Stored data
——————————

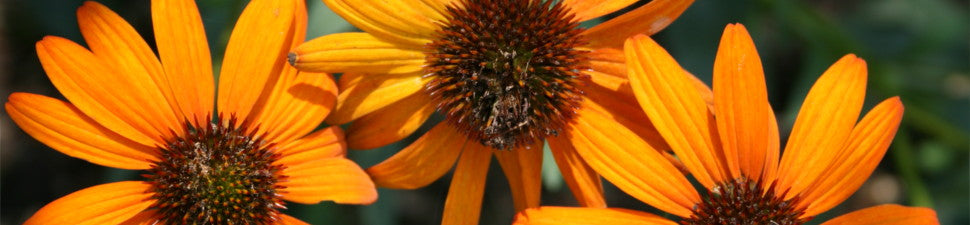 Orange/Peach Flowering Plants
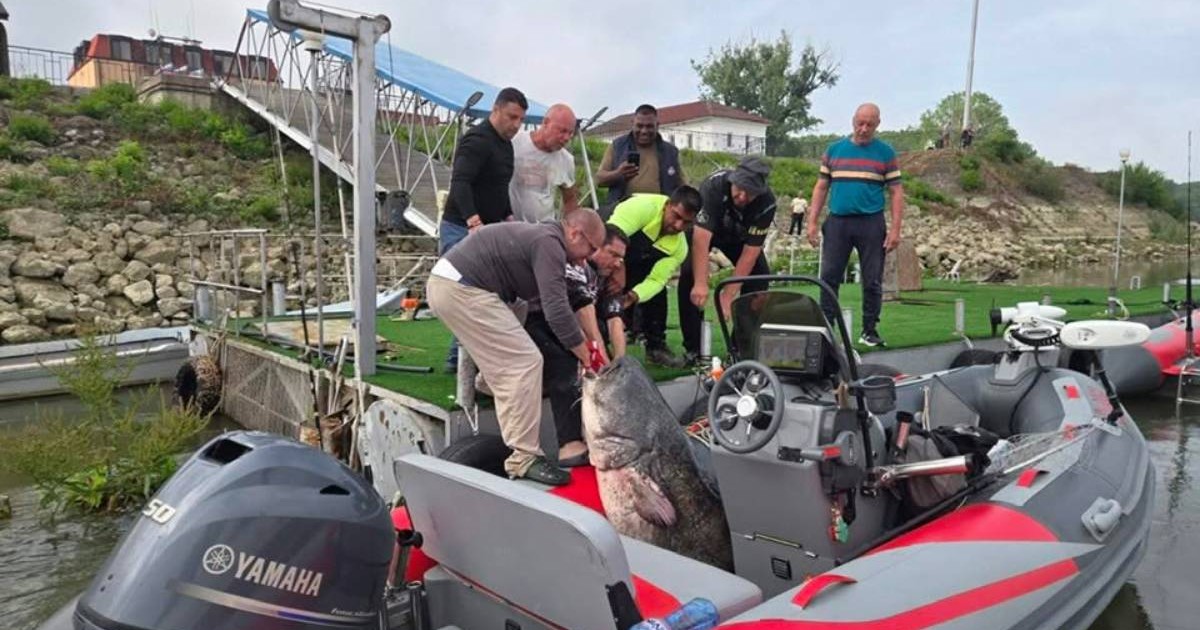 Un grup de pescari se chinuie să scoată din barcă un somn uriaș de 2,8 metri, 150 de kg, Varna, Bulgaria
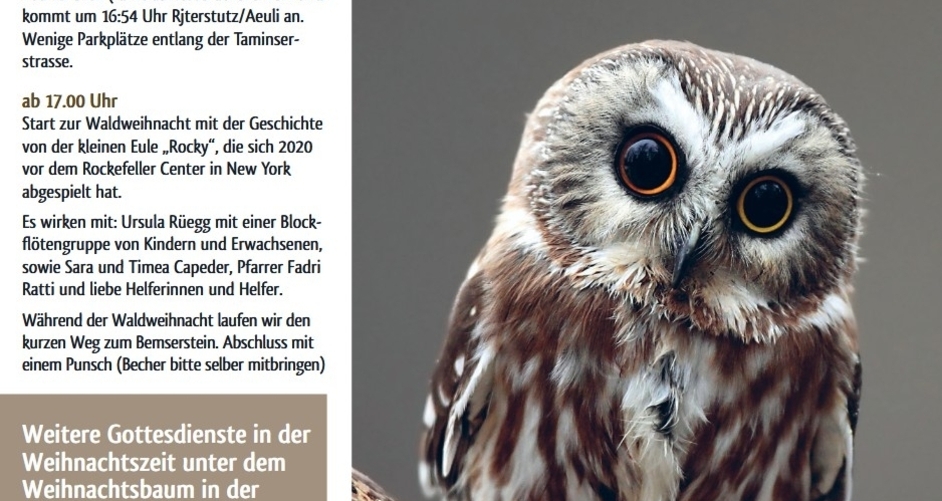 Gottesdienst auf der Jahresschwelle (gdl_902341919_image)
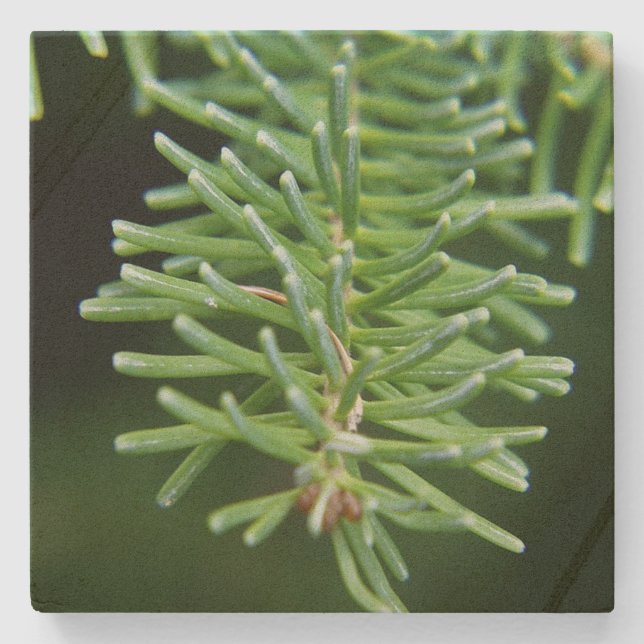 Posavasos De Piedra Rama de árbol de Navidad (Anverso)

——————————

What you will do
Omit the pictures and repeat the rest of the listing verbatim.

Reply to the task
 Orange/Peach Flowering Plants
 Un grup de pescari se chinuie să scoată din barcă un somn uriaș de 2,8 metri, 150 de kg, Varna, Bulgaria
 Gottesdienst auf der Jahresschwelle (gdl_902341919_image)
 Posavasos De Piedra Rama de árbol de Navidad (Anverso)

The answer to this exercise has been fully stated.